Its decision to push back on any plans to raise rates follows similar moves from central banks around the world, including the US Federal Reserve and the Bank of England.
Andrew Walker, World Service economics correspondent
The European Central Bank is rolling out the economic artillery again.
A marked slowdown in economic growth – confirmed today in official data as just 0.2% in the final quarter of 2018 – seems to have prompted the bank to take some action.
Not the really big guns, at least at this stage. No cut in interest rates (they are so low already that that might not be realistic anyway) and no revival of quantitative easing.
But the bank is using two tools that do suggest it is becoming more concerned.
One is known as forward guidance, an indication of the likely path of interest rates in the future. They are currently rock bottom and the Bank now says said they are likely to stay that way until the end of the year.
Previously the timescale was through the summer. This guidance is not a promise, but it does tell lenders and borrowers something about when rates most likely to be changed.
The ECB has also announced plans for a new round of what are known as targeted long-term refinancing operations or TLTRO. If you are still conscious after reading that, these are loans made to commercial banks intended to stimulate more lending to households and business.
They are also intended to – as the ECB statement puts it – ensure the smooth transmission of monetary policy. Which means spreading the effect of the low interest rates throughout the eurozone economy.

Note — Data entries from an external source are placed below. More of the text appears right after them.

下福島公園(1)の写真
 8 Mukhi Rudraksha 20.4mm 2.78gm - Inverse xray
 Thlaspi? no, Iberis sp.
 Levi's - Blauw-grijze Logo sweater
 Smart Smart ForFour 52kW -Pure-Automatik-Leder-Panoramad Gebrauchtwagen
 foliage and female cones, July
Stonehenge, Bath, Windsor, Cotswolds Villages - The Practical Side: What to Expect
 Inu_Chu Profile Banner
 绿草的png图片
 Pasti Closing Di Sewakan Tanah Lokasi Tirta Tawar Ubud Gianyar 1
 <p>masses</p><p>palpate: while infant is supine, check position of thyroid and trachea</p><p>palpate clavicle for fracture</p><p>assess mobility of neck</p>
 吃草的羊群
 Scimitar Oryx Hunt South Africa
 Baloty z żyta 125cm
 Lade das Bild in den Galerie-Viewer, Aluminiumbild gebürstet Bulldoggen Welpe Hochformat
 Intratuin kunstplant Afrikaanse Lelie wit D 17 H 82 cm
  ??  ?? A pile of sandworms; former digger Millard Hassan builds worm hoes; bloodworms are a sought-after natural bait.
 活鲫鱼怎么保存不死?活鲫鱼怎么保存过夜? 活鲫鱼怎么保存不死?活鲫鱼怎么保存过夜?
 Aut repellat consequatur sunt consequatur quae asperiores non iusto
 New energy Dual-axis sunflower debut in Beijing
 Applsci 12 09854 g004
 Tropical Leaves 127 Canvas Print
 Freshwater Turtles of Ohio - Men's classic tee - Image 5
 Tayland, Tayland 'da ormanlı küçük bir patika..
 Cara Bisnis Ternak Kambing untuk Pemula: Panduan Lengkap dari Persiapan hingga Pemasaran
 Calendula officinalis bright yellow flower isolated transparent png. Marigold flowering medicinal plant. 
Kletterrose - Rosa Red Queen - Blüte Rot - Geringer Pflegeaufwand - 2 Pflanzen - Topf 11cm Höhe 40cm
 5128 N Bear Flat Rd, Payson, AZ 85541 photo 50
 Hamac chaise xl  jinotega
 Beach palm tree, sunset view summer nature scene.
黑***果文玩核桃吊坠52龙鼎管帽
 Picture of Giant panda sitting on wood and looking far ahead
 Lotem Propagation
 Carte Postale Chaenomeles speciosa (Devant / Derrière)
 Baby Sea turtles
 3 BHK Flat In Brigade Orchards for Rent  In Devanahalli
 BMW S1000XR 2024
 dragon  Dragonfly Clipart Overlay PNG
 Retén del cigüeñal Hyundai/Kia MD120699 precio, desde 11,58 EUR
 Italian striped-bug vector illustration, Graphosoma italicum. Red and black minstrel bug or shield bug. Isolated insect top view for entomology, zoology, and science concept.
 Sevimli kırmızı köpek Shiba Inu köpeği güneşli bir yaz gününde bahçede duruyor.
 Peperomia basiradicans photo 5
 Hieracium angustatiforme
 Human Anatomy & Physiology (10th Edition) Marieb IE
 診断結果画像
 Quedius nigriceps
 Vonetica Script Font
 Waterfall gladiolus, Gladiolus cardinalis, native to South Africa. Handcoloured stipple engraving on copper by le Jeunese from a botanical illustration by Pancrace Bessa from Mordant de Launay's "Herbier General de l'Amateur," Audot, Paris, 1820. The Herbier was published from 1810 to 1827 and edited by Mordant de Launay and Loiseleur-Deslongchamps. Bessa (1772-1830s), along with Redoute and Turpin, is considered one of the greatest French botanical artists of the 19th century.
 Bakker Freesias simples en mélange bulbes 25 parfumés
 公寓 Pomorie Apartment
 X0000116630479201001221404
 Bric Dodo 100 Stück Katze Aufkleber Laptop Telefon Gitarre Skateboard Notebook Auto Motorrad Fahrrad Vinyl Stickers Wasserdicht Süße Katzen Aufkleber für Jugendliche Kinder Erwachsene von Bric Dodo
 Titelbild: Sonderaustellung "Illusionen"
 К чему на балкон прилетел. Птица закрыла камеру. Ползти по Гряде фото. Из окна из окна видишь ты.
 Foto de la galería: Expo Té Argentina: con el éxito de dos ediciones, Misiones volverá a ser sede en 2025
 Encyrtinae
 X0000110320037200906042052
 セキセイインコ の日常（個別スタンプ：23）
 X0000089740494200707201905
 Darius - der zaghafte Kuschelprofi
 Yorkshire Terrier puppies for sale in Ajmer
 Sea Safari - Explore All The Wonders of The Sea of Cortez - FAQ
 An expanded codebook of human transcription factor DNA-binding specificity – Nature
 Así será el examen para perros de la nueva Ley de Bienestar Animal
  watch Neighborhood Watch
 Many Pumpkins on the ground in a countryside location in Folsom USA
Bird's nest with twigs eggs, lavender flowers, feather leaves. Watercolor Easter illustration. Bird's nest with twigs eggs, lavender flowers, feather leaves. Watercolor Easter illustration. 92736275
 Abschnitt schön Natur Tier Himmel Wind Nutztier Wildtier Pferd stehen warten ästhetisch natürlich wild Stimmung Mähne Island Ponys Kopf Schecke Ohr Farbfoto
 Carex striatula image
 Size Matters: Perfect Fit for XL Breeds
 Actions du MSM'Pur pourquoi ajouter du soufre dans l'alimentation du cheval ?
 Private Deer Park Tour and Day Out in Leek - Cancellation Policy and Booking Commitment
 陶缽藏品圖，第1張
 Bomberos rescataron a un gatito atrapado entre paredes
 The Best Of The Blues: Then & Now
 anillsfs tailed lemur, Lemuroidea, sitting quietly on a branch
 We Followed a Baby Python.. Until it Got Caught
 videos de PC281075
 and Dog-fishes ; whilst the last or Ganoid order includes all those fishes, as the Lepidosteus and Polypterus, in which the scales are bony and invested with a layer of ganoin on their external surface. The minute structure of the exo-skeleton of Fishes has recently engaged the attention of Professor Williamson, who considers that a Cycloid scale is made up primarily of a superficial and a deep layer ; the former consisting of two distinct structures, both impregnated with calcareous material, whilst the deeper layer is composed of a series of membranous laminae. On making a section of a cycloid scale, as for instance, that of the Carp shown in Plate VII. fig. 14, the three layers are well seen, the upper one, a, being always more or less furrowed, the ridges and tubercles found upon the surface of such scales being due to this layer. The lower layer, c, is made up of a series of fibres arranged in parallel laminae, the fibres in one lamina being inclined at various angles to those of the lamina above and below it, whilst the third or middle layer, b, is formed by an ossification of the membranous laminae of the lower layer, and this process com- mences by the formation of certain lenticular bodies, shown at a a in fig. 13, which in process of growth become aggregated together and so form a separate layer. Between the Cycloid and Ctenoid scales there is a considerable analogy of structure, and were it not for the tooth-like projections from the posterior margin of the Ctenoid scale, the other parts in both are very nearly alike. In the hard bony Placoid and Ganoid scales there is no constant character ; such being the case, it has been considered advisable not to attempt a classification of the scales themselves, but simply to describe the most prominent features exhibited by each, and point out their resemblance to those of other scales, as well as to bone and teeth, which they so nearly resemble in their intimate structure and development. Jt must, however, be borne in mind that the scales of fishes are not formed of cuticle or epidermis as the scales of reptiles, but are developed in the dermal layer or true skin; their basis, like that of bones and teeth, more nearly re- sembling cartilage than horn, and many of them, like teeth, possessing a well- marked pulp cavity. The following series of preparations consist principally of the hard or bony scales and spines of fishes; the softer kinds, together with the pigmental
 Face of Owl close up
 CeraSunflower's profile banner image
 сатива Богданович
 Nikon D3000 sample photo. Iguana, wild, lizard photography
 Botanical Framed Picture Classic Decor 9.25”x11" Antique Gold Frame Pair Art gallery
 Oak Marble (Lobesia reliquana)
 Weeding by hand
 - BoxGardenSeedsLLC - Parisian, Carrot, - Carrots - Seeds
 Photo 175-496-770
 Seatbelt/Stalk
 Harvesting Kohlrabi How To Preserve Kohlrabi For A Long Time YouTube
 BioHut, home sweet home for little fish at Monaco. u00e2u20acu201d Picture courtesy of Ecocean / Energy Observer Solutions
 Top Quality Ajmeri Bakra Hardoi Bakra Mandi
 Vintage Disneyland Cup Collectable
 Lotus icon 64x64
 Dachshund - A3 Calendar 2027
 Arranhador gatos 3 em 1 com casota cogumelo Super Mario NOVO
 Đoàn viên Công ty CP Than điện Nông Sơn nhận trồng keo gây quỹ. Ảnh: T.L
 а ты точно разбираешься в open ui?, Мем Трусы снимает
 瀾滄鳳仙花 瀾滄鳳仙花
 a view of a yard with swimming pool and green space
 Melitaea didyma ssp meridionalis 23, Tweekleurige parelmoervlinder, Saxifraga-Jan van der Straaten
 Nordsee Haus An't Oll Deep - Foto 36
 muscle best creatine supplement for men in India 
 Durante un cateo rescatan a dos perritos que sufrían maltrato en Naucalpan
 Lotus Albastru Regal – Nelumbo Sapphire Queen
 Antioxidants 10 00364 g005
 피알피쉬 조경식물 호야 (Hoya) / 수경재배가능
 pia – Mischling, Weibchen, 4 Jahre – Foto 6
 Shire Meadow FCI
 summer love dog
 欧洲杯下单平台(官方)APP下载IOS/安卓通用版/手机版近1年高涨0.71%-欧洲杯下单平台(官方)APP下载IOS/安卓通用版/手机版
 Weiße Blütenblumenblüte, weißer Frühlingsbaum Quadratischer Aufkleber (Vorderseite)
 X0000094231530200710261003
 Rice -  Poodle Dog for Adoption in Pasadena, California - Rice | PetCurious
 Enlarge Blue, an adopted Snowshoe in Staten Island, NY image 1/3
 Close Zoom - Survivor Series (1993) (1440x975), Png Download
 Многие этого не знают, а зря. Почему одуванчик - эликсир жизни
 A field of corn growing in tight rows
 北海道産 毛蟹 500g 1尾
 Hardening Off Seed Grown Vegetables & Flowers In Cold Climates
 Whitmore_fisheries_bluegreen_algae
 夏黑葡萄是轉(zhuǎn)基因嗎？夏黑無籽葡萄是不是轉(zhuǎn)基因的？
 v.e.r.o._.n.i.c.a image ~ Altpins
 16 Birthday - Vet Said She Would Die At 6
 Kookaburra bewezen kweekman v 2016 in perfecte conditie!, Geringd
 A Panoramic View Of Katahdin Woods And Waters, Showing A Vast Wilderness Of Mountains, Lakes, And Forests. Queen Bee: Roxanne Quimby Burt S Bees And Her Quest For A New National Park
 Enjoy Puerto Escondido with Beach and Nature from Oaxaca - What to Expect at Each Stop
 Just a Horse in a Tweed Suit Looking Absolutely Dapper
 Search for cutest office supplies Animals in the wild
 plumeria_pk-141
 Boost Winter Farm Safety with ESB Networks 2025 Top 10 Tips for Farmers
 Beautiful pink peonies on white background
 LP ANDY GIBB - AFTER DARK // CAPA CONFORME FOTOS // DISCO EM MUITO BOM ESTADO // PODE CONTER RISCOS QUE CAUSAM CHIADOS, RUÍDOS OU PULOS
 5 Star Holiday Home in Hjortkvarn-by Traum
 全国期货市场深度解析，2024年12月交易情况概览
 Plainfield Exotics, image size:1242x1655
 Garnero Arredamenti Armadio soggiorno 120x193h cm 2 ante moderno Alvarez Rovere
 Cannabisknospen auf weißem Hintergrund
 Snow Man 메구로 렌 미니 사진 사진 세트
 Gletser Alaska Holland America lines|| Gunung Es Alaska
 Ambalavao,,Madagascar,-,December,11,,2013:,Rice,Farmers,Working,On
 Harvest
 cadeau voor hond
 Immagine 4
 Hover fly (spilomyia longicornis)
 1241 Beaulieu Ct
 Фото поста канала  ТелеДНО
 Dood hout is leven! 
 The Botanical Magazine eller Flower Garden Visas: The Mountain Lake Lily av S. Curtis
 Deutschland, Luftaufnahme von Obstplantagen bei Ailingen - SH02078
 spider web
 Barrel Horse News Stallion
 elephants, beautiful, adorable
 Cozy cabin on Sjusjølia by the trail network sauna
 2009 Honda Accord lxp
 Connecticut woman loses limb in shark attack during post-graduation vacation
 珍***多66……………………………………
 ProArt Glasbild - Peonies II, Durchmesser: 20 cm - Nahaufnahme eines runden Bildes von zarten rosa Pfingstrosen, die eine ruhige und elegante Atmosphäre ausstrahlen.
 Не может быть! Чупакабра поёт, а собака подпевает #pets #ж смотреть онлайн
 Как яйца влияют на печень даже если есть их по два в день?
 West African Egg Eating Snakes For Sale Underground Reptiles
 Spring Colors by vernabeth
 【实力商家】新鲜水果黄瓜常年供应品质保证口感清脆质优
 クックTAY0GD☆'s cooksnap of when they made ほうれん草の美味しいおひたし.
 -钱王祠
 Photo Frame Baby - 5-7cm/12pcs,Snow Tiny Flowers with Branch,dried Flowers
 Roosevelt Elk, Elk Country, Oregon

As well as a slowdown in the eurozone – Italy tipped into recession at the end of last year – Mr Draghi also pointed to the impact of trade wars and other factors.
“The risks surrounding the euro area growth outlook are still tilted to the downside, on account of the persistence of uncertainties related to geopolitical factors, the threat of protectionism and vulnerabilities in the emerging markets,” Mr Draghi said.
The new lending facility for the banking sector will be known as Targeted Longer-Term Refinancing Operations.
Andrew Kenningham, chief Europe economist at Capital Economics, said the guidance on the next rate rise and the financing for banks was “more accommodative than the markets had anticipated”.
“We doubt, however, that the new measures will be enough to reverse the economic slowdown,” he said.